Já o psicólogo forense e consultor científico da investigação, Mauro Paulino, espera que os dados ontem anunciados "mostrem, de uma vez por todas, que não é necessário o progenitor agredir uma criança para deixar marcas profundas no seu desenvolvimento".
A amostra do estudo é composta por 1205 filhos de 1010 mulheres que, em 2014, 2015 e 2016, apresentaram queixa por violência doméstica. Crianças e mães voltaram a ser contactadas entre 2020 e este ano, no âmbito da tese de doutoramento que Miguel Rodrigues está a concluir, e as suas respostas não deixam dúvidas.
Em 65% dos casos, os "filhos da violência doméstica" reprovaram, pelo menos, uma vez durante o percurso escolar, havendo alguns que reprovaram mais de três vezes. "Há jovens de 20 anos que continuam no ensino secundário", realça Miguel Rodrigues.

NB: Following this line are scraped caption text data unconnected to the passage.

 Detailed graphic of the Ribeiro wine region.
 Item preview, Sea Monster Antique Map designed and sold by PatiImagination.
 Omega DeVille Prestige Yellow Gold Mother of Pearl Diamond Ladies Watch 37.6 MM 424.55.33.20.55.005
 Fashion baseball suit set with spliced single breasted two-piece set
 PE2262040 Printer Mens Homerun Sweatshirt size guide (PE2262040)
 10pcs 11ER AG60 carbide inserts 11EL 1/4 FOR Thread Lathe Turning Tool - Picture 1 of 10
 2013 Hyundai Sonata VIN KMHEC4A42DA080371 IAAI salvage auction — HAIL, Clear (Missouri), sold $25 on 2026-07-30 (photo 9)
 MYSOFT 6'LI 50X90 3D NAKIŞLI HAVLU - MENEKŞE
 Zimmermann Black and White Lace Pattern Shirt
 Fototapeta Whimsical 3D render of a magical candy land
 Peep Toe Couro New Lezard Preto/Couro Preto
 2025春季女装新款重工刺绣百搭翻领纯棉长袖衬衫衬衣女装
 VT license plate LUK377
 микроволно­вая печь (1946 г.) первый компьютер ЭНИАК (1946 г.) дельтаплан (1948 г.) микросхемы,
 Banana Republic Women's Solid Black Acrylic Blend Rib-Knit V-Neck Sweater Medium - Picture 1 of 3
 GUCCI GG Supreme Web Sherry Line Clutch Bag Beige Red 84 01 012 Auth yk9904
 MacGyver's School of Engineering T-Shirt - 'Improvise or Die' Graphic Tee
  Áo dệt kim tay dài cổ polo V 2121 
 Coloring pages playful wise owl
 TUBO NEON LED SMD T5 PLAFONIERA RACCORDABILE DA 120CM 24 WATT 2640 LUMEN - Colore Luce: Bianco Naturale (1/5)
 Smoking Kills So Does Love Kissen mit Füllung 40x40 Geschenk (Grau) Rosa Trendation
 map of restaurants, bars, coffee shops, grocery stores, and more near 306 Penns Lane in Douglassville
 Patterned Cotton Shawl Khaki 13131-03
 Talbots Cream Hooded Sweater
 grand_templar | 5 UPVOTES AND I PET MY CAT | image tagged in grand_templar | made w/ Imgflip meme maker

De resto, 90% das retenções ocorreram após o início da violência doméstica.
Mais vulneráveis
Os dados recolhidos pelo investigador do Centro de Estudos Interdisciplinares em Educação e Desenvolvimento, da Universidade Lusófona, também revelam que os "filhos da violência doméstica" têm duas vezes mais perturbações mentais e admitem ser mais tristes, nervosos e sentir mais medo do que a generalidade de crianças e jovens inquiridos noutras investigações, nacionais e internacionais.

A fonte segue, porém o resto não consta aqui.